Setelah itu, perwakilan dari Komunitas Putra Angklung Semarang memberikan edukasi tentang sejarah, filosofi, serta cara memainkan angklung. Suasana menjadi lebih hidup saat ratusan peserta dari berbagai usia mencoba memainkan nada-nada sederhana bersama-sama.
Antusiasme Masyarakat dan Nuansa Interaktif
Tak hanya pertunjukan, kampanye budaya ini juga menyuguhkan berbagai permainan edukatif, seperti “Tebak Nada” dan “Kuis Angklung” yang berhasil menciptakan interaksi penuh keceriaan antara panitia dan pengunjung.
“Saya datang untuk jogging, tapi malah ikut main angklung. Baru tahu kalau ternyata mainnya seru dan nggak sesulit yang saya kira,” ungkap Tasya (25), salah satu pengunjung CFD.

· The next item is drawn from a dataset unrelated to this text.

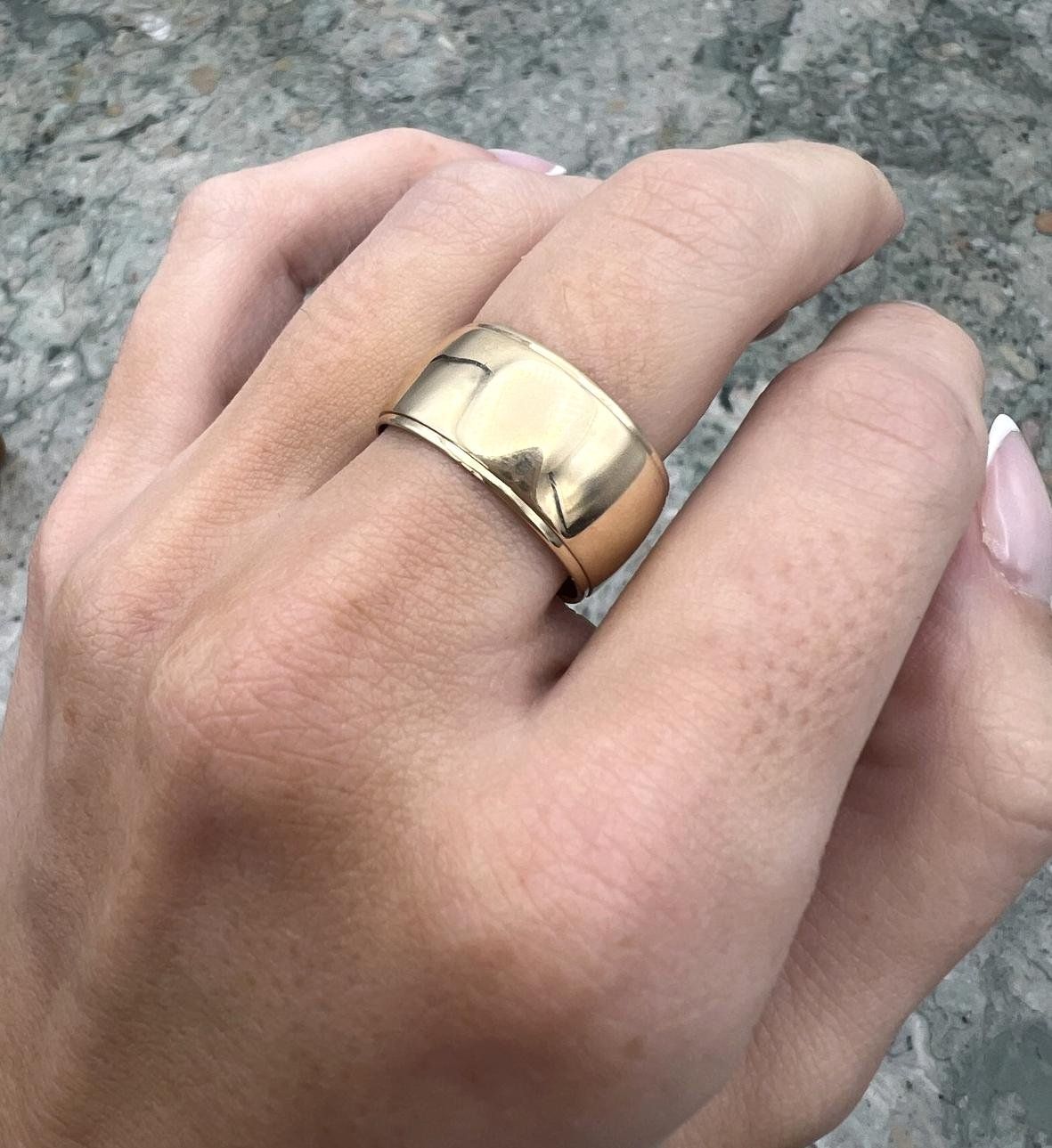 14k Wide Gold Band Ring Polished Finish Contemporary Style 3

Suasana makin meriah saat pertunjukan angklung membawakan lagu-lagu daerah dan populer, seperti "Ampar Ampar Pisang “Stecu Stecu”, “Perahu layar”. Banyak anak-anak dan remaja terlihat antusias mengikuti irama, bahkan ikut bernyanyi dan berjoget di depan stand.
“Acaranya asik, bisa main bareng-bareng dan belajarnya nggak terasa kayak belajar. Jadi tahu angklung itu bukan cuma buat lagu tradisional,” ucap Indry (30), mahasiswa salah satu kampus swasta di Semarang.
Suara Angklung, Gema Identitas Bangsa
Dengan total waktu empat jam yang diisi dengan edukasi budaya, pertunjukan musik, dan permainan, acara ini mampu menggabungkan fungsi edukatif, partisipatif, dan hiburan dalam satu rangkaian. Terbukti, banyak pengunjung yang bertahan hingga akhir acara dan memberikan kesan positif.
“Kami sangat mengapresiasi mahasiswa yang mau bergerak melestarikan budaya seperti ini. Harapannya bisa rutin diadakan, dan kalau bisa menjangkau sekolah-sekolah juga,” ujar Bu Seha (47).
Kampanye “Gema Angklung: Getar Bambu, Suara Nusantara” menjadi bukti bahwa tradisi tak pernah usang, asalkan dikemas dengan cara yang kreatif dan dekat dengan masyarakat. Suara bambu yang sederhana itu kini telah menggema di ruang publik, menembus batas generasi, dan kembali hidup dalam semangat kolaborasi serta cinta budaya.